» ABOUT THIS TASK: Taking the line that contains "2023 Ford Explorer ST" as the start and the last line of the data as the end, repeat exactly every line in that span, but no pictures.

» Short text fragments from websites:
▬▬▬▬▬▬▬▬▬▬

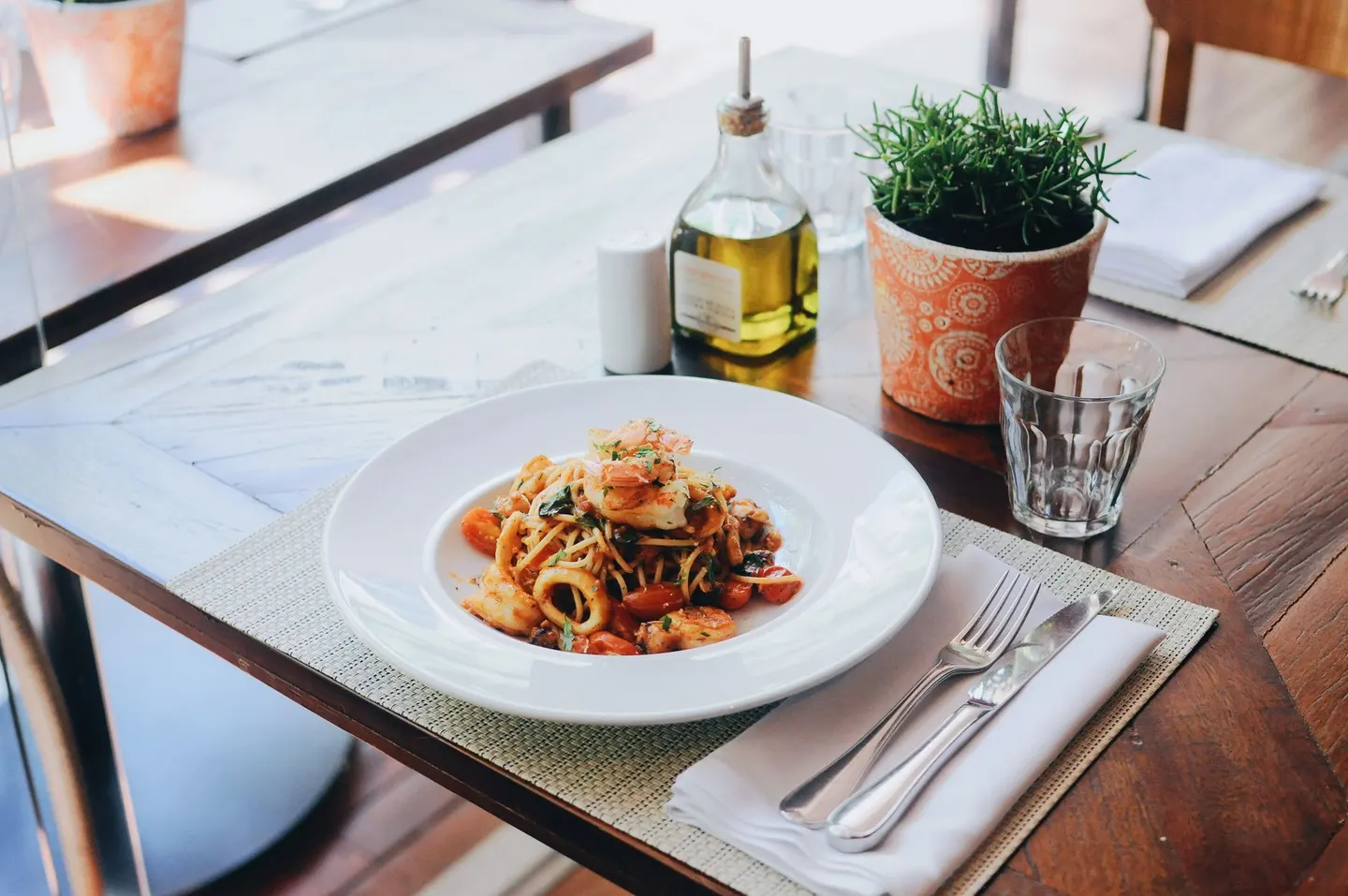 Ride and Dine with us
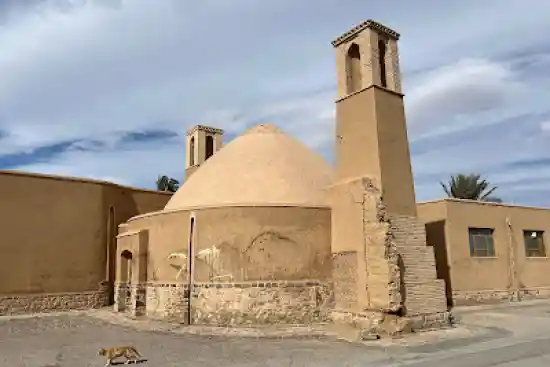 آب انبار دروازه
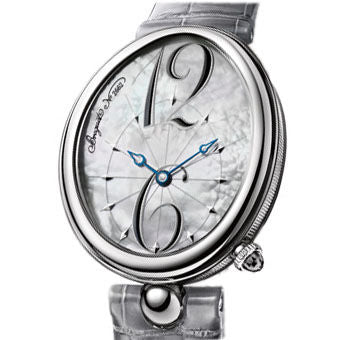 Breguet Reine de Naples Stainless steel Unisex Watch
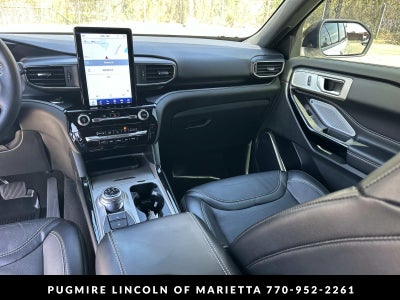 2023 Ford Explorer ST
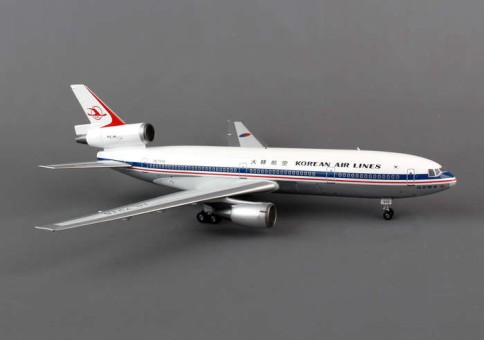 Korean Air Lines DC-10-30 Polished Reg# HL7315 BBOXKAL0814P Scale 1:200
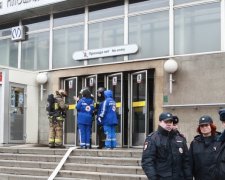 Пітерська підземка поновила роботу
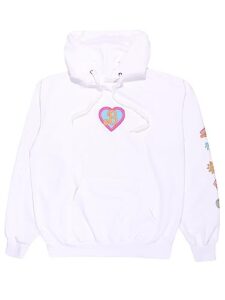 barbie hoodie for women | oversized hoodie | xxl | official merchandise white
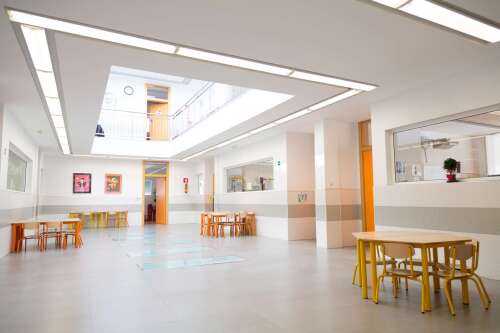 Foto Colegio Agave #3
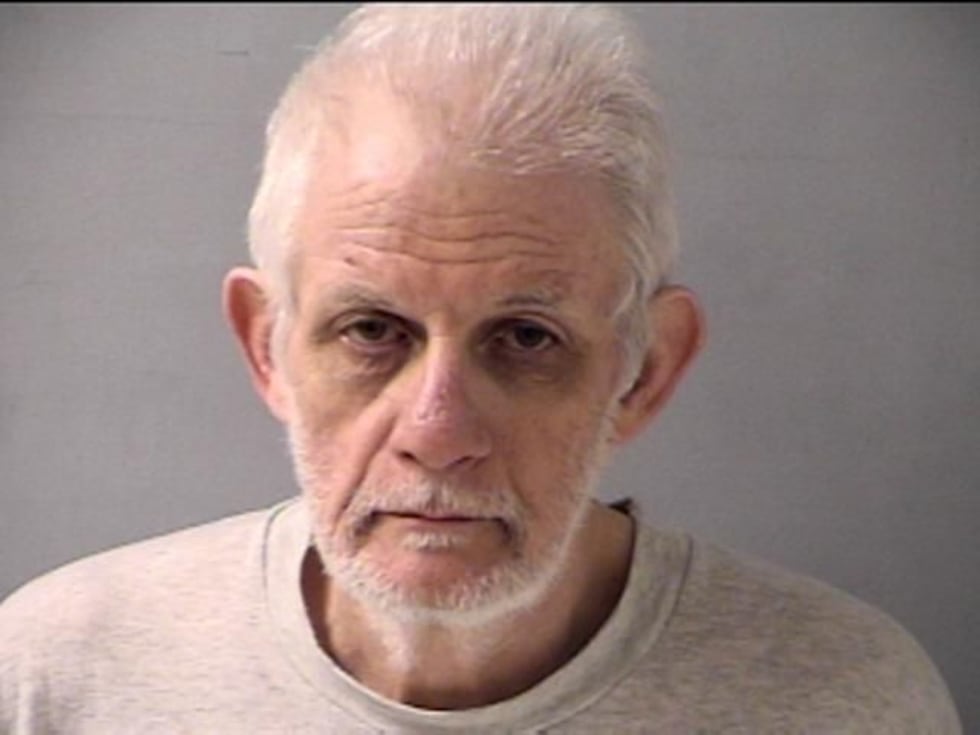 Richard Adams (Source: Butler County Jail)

▬▬▬▬▬▬▬▬▬▬

» TASK OUTPUT:
 2023 Ford Explorer ST
 Korean Air Lines DC-10-30 Polished Reg# HL7315 BBOXKAL0814P Scale 1:200
 Пітерська підземка поновила роботу
 barbie hoodie for women | oversized hoodie | xxl | official merchandise white
 Foto Colegio Agave #3
 Richard Adams (Source: Butler County Jail)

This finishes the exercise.